The cop seemed surprised by Li’s interest. He shrugged. ‘Well, it’s a bit of a fashion these days, isn’t it? All these sports stars in the West have been shaving their heads last couple of years. It’s catching on here now.’
‘So you didn’t think it was odd?’
‘Not in those two, no. It was the other one that kind of shocked me. Xing Da. That’s why I didn’t recognise him at first. He always wore his hair shoulder length. It was kind of like his trademark. You always knew it was him on the track, all that hair flying out behind him.’
‘And his head was shaved, too?’ Li asked.
‘All gone,’ the traffic cop said. ‘It looked really weird on him.’
* * *
As they climbed the stairs back to the top floor Li said, ‘What about the doctor’s report?’ Pieces of this bizarre puzzle appeared suddenly to be dropping into place, but Li could still make no sense of the picture it was forming. It had, however, got his adrenaline pumping.

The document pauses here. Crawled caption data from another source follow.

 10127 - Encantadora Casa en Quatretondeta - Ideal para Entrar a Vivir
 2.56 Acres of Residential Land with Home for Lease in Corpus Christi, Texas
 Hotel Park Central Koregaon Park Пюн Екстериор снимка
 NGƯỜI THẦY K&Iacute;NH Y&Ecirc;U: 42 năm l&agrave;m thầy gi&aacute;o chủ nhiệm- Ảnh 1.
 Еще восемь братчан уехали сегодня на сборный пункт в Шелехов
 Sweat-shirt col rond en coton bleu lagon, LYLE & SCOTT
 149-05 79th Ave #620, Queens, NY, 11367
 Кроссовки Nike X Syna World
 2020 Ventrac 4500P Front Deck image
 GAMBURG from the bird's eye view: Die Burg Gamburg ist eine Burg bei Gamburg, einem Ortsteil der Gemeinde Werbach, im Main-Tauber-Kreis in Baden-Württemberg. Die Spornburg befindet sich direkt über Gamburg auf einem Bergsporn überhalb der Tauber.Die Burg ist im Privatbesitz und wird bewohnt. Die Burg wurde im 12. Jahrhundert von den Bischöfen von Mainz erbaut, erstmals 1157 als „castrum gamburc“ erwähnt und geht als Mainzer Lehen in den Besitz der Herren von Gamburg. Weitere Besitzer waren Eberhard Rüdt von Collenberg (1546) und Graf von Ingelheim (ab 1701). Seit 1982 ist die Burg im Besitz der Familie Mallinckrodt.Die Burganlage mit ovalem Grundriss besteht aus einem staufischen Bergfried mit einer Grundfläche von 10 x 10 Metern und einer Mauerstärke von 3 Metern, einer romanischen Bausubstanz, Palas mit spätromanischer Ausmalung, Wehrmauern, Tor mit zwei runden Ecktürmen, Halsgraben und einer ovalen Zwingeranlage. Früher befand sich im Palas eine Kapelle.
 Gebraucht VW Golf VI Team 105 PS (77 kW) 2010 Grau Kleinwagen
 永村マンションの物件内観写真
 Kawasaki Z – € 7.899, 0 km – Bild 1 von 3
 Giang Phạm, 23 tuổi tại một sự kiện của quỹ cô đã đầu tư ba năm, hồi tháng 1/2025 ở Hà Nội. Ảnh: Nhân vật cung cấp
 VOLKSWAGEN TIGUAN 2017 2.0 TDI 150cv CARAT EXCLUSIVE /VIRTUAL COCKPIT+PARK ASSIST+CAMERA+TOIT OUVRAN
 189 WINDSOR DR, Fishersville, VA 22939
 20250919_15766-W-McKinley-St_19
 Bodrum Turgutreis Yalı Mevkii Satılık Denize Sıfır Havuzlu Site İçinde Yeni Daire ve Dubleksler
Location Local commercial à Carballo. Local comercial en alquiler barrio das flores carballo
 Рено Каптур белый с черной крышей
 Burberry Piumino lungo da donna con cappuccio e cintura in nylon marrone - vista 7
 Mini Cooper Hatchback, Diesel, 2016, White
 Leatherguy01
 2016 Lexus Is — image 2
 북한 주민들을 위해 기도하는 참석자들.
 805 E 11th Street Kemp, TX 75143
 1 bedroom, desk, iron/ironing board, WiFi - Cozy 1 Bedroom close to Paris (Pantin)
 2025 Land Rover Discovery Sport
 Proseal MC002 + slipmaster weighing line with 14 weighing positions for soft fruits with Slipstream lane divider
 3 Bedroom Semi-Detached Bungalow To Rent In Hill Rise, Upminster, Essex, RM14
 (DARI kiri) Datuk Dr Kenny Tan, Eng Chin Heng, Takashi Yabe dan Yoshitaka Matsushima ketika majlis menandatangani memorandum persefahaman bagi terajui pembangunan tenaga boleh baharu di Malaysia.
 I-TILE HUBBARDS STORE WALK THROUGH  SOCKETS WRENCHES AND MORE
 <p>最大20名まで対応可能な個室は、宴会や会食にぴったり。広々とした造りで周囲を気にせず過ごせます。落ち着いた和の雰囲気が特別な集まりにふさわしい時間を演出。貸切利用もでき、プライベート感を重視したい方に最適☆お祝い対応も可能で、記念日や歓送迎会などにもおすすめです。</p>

Qian said, ‘Got it upstairs, chief. But all he did was sign off the death certificates. Death caused by multiple injuries suffered in a car accident.’
‘Fuck!’ Li cursed roundly. A staged suicid
e in which the victim’s head had been shaved. Three deaths in what appeared at the time to have been an accident. All with their heads shaved. And all four, members of the Chinese Olympic team. The trouble was, the evidence from the crash – the vehicle and the bodies – was long gone.
Wu intercepted them on the top corridor. ‘Those tickets you got Qian to order for tonight, chief? They arrived by courier. I put them on your desk.’
‘Fine.’ Li brushed past, his mind on other things, but Wu called after him. ‘Something else, Chief … ’
Li turned and barked, ‘What!’
‘Those three athletes in the car crash?’
He had Li’s attention now. ‘What about them?’
‘Only two of them were cremated, Chief. The parents of the other one live out in a village near the Ming tombs. Seems they buried him in their orchard.’
Li wanted to punch the air. But all he said was, ‘Which one?’
‘Xing Da.’
VI
The village of Dalingjiang lay fifty kilometres north-west of Beijing in the shadow of the Tianshou mountains, a stone’s throw from the last resting place of thirteen of the sixteen Ming emperors. A rambling collection of brick-built cottages with slate roofs and walled courtyards, Dalingjiang was believed to have the best feng shui in the whole of China. After all, its inhabitants reasoned, thirteen dead emperors couldn’t be wrong.
Li took Sun with him to drive the Jeep. They had headed out of the city on the Badaling Expressway, past countless developments of pastel-painted luxury apartments with security-gated compounds and private pools. Built to meet the demands of the new bourgeoisie.
The sun was dipping lower now as they neared the tombs. The mountains had lost their definition, and looked as if they had been cut from paper and laid one over the other, in decreasing shades of dark blue, against a pale orange sky. The road was long and straight, lined with tall, naked trees with white-painted trunks. The roadside was piled high with bricks and stacks of golden corn stalks. They passed a peasant on a bicycle, a large parcel in his basket, his daughter on a makeshift seat over the rear wheel. Perhaps he had spent his hard-earned cash on a Christmas present for his Little Empress.